Short descriptive text snippets
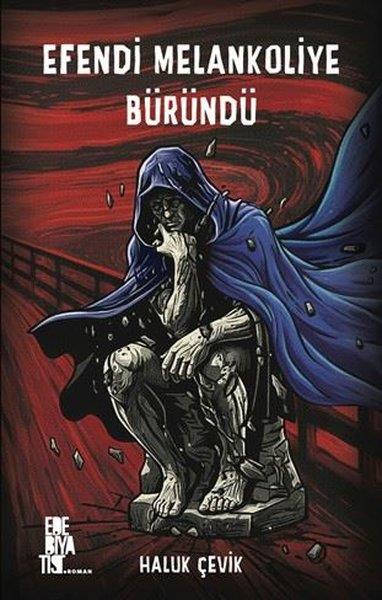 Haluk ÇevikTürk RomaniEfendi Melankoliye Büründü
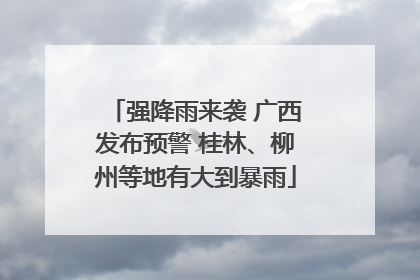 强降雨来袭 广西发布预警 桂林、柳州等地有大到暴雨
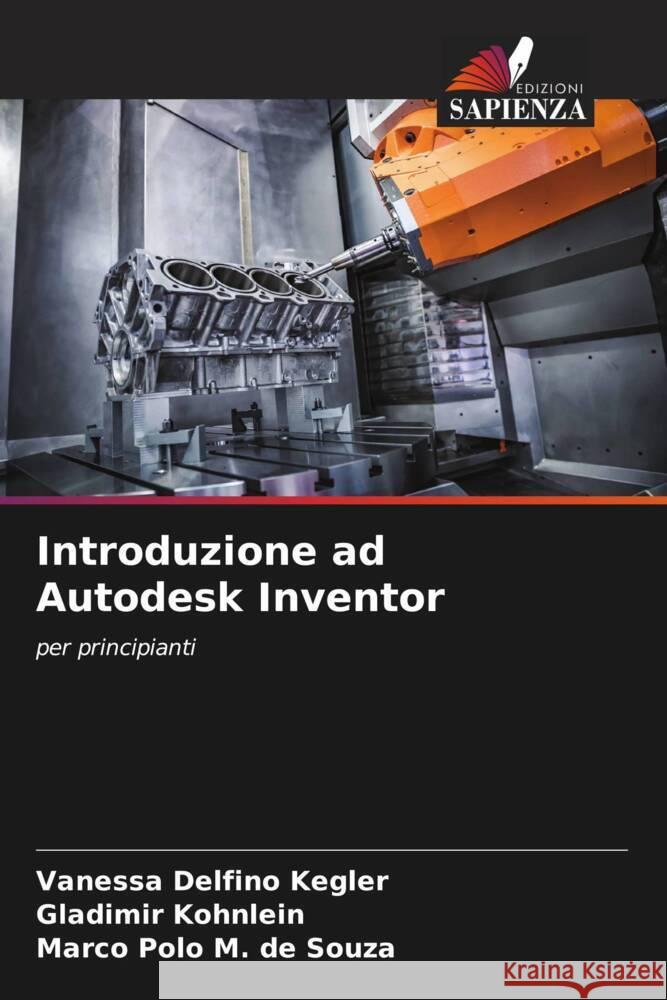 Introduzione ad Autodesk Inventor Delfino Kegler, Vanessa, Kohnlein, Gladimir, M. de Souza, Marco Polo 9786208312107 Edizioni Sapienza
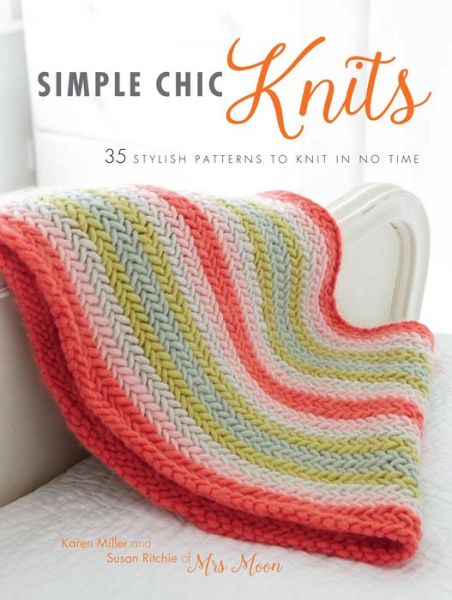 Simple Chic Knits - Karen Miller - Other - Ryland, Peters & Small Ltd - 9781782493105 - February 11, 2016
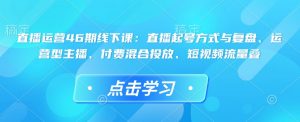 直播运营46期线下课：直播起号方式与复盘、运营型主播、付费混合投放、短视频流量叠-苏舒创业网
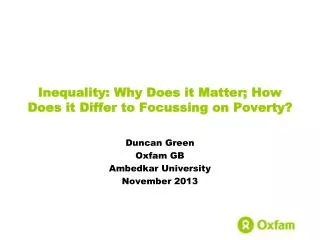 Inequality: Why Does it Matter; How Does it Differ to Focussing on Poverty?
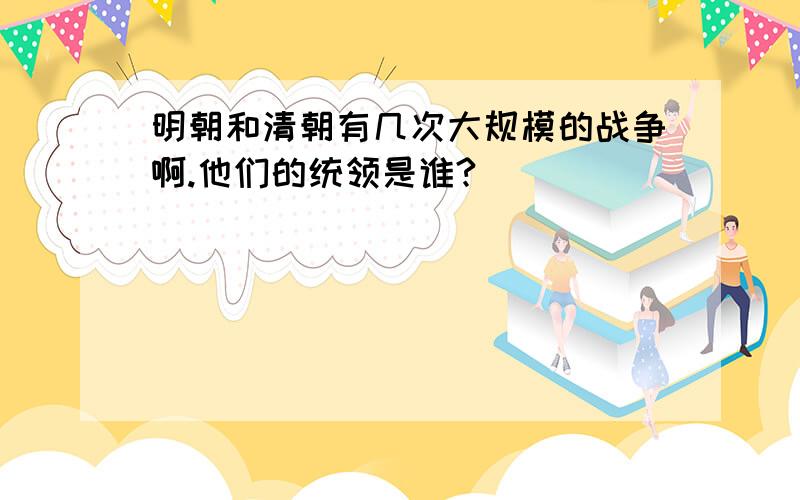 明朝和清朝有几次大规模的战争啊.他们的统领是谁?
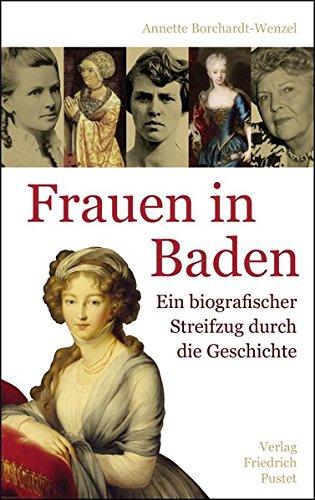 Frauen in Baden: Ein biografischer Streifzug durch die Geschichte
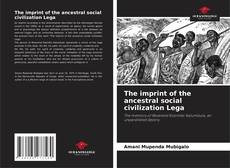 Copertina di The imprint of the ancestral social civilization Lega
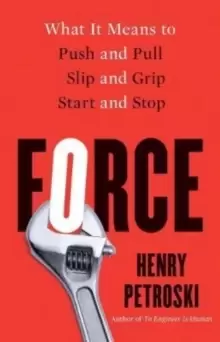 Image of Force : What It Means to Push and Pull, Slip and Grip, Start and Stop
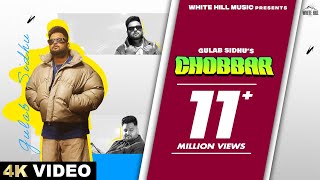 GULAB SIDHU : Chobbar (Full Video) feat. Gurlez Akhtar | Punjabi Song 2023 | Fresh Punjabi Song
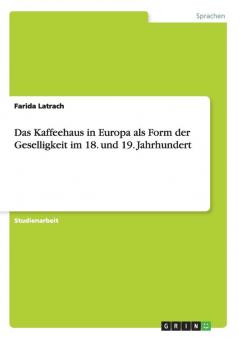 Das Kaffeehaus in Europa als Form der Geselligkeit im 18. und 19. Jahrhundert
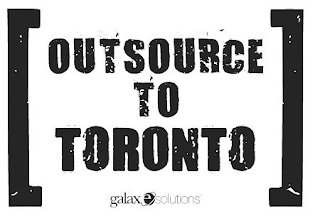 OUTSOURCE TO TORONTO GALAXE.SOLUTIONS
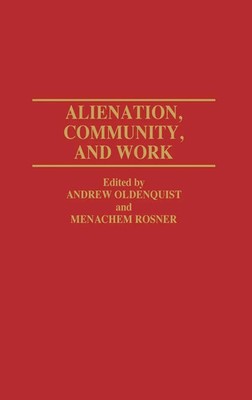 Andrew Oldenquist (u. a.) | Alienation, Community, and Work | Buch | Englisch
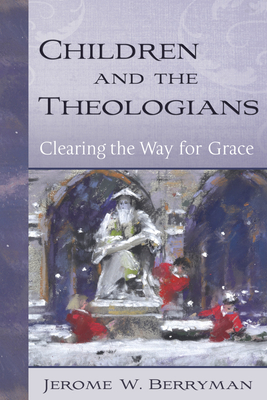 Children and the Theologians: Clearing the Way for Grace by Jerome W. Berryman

**AIM OF THE EXERCISE**
Beginning at the line above that contains "Introduzione ad Autodesk", repeat each line exactly through the one that contains "直播运营46期线下课：直播起", and leave out the pictures.

**RESULT**
 Introduzione ad Autodesk Inventor Delfino Kegler, Vanessa, Kohnlein, Gladimir, M. de Souza, Marco Polo 9786208312107 Edizioni Sapienza
 Simple Chic Knits - Karen Miller - Other - Ryland, Peters & Small Ltd - 9781782493105 - February 11, 2016
 直播运营46期线下课：直播起号方式与复盘、运营型主播、付费混合投放、短视频流量叠-苏舒创业网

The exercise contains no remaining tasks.